The filter bag only has about 1 cm of dust in it at the bottom. There is a tiny bit of very fine sawdust in the bottom of the bucket.

There is nothing blocking the filters or inside the filters of the machine and they are still pristine. They self clean every 15 sec, I'm also working outside, so nothing blocking the air vents of the machine.

Anyone have any ideas? Are the holes too small on the sanding pad and are mucking about with the airflow? 

I really am at a loss. Now I feel like "what the hell" after forking out all that money.
I've emaled Dewalt Services and the shop that sold it to me. No replies yet.


----------



## Steve Neul

My guess is not enough air can pass through the tools to suite the vacuum. You may have to create a leak to shut it up.


----------



## woodnthings

*your location is ...?*

This is your DE? http://www.buymetools.co.uk/dewalt/DeWalt-80065.html









Sounds like it's UK model?
Anyway, a simple test is to run the DE with just the standard supplied hose. Then place your hand over the end to restrict the flow. Does it sound the alarm when partially or fully restricted? If not, attach the sander without a sanding disc. Does it sound the alarm now? If not place the sanding disac on the sander and see what happens. Come back with your results!


----------



## Housewife

That was a quick reply!

Yes I did do that as well yesterday. Blocking the end of the pipe sounds off the alarm. Attaching the sander without a sanding disc is fine... Elimination by mistake that one, thought I'd solved the problem only to realise I had no sanding disc on it.

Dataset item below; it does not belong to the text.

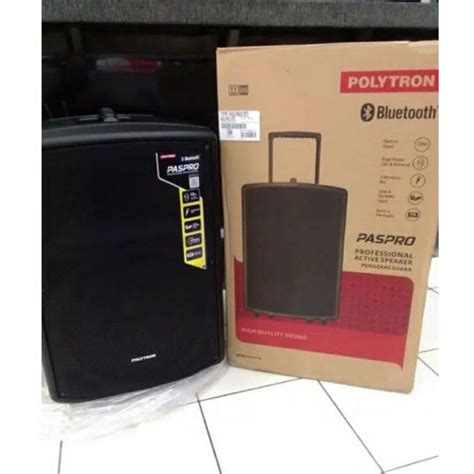 Jual Speaker Polytron Pas Pro Speaker Aktif Polytron Pas Pro F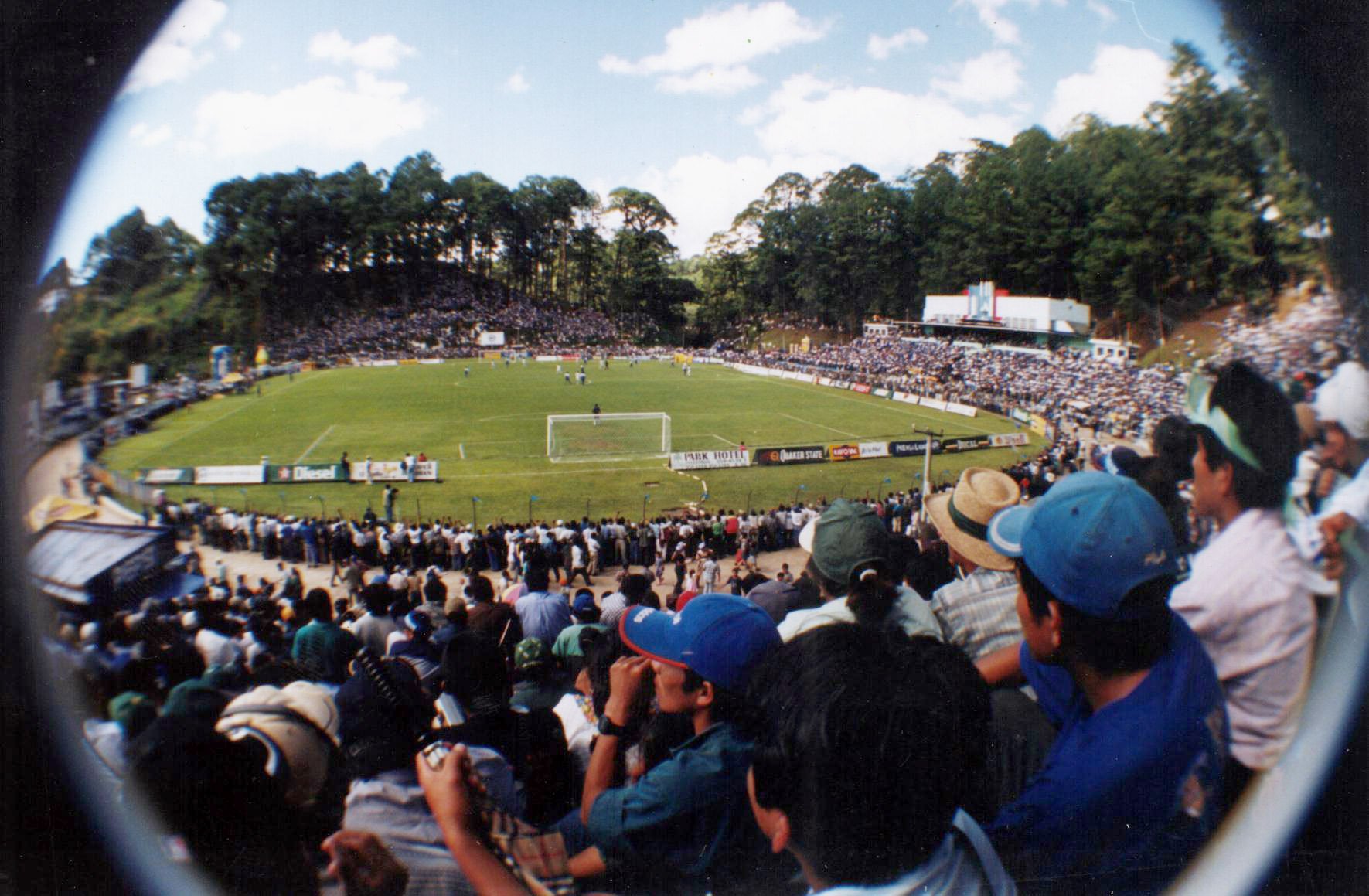 El estadio José Ángel Rossi es uno de los más atractivos de la Liga Nacional. (Foto Prensa Libre: Hemeroteca PL)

Haha. 

Sooooo basically the holes on the sanding disc are too small and restricts the air flow?!!!!. My skil has elongated holes on the disc, I'll try enlarging the holes on the sanding disc and see if that works.

@ Steve Neul. How would I create a leak?


----------



## Steve Neul

Housewife said:


> That was a quick reply!
> 
> Yes I did do that as well yesterday. Blocking the end of the pipe sounds off the alarm. Attaching the sander without a sanding disc is fine... Elimination by mistake that one, thought I'd solved the problem only to realise I had no sanding disc on it. Haha.
> 
> Sooooo basically the holes on the sanding disc are too small and restricts the air flow?!!!!. My skil has elongated holes on the disc, I'll try enlarging the holes on the sanding disc and see if that works.
> 
> @ Steve Neul. How would I create a leak?


You could create a leak with a Y connector. Hook your hose onto one side of the Y and either leave the other side open or partially obstruct it with tape. Then the vacuum could draw more air. If you had more than one sander with another length of hose you could also attach the vacuum to both sanders which would create more airflow.


----------



## epicfail48

Im with steve on this one, the sander is restricting airflow. The same thing happens with my shopvac, though fortunately it doesnt have an annoying alarm, just a light. Finding a way to instoduce a leak to keep up airflow is certainly one option, and probably the quickest to do. Personally, id find an abrasive that would allow more airflow. Here in the states we have a product called abranet, its a mesh abrasive that actually allows air to flow through the full face of the disc. May be worth looking into, if you can find it. It costs a little more than regular sandpaper, but it lasts forever. I use it to sand my knife handles, and its really fantastic stuff. Doesnt clog, comes in handy for the exotics


----------



## Housewife

Thank you for the great and easy solutions to solve this very annoying problem. I was thinking about trading down :-(, until you mentioned the same problem with a shop vac. Mirka sell am abrasive disc called Abralon which allows water and air to pass, maybe a similar product. Just so happens I'm going to that store today!

In retrospect I didn't have the alarm problem so much on the first day... now I remember I was using the corner triangle base plate which has 11 holes, the round base plates only having 8! 

Wow, I feel so much better. I'd hate to admit I made a mistake buying the Dewalt, especially to the hubby who want me to go with something much cheaper.

You all have a great day.


----------



## yvilas

Hi. I'm having same problem with the dwv902m. Tried looking for the causes of continious alarms. noticed, that when the extractor has no hose attached, it works fine. But when the hose (any size) is attached, the alarm starts in a few seconds. Some guys here mentioned "Y" connector. There's no such original part with this model, trying to adopt something to work sounds a bit wrong (because machine is not designed/created to work with self-made/adopted connectors). I'm using various power tools (mitre saw, plunge saw, planner, router) plugged into extractor, the machine is almost brand new, though this alarm problem started after few days of usage. First, I have ignored it, though tried looking for solutions online, but when started working in close quarters (smaller rooms), the sound is too loud to be ignored anymore.

Would appreciate on any advise.


----------



## Bellarosecabinets

It is a faulty vacuum and cheap design that uses a resistor for determining air flow by cooling the resistor. To save money that went with a cheap solution that wood dust just doesn't work well with.


----------



## Housewife

I took mine to a Dewalt service center and got them to remove the alarm. The Y connector worked, but I didn't like the extra hose lying on the floor. Mine is used for a home workshop and not commercially. Also clean the filters on a regular bases, tapping them against something and NOT with an air compressor. It doesn't warrant the price. Shame on you De Walt.


----------